E.g. a BSR bus driver would put the device into EXTEST mode to activate the boundary scan register on the device pins.
At certain stages, the bus driver's bus_area() function is called by other commands to query the bus geometry for a given address. The bus driver must fill in the fields of a "bus_area_t" structure describing the geometry of the area in which the specified address is located:
a short textual description of the area
start address of area
length of area in bytes
data width in bits
Queries with an address out of range must result in an area length of
Since the JTAG state machine defines a capture-shift-update sequence, it is required to shift the address for a read prior to capturing the read data. Therefore, the bus_read_start() function is called with the very first address to read from. This enables the driver to shift the address into the device before it can actually retrieve the read data for this address.
The bus_read_next() function fetches the read data from the device that has been addressed by a previous call to bus_read_start() or bus_read_next(). Again, this is due to the capture-shift-update sequence of JTAG:
capture read data from device pins
shift new address
update new address to device pins
The address parameter specifies the location of the following read access. It is not the address of the data returned by this function call.
Function "bus_read_end()" is called at the end of a read sequence. I.e. when the higher level command determines that the last data portion is to be read from the device.
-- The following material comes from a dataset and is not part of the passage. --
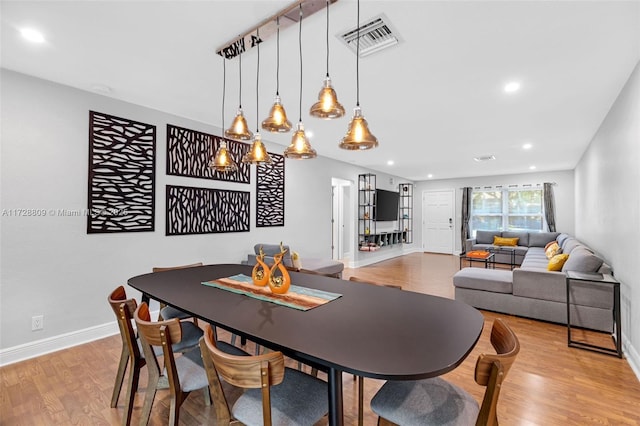 dining area featuring light wood-type flooring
There is no new address and the function driver is supposed to return the read data that was addressed previously.
For ease of use, a bus driver has to supply a "bus_read()" function that encapsulates reading data from a single address in an atomic operation. Bus drivers typically build this function from "bus_read_start()" and a subsequent "bus_read_end()".
This function writes one data element at the specified address. Since this translates to a single JTAG operation (capture ignored, shift and update address & data), there is no splitting as with the read functions.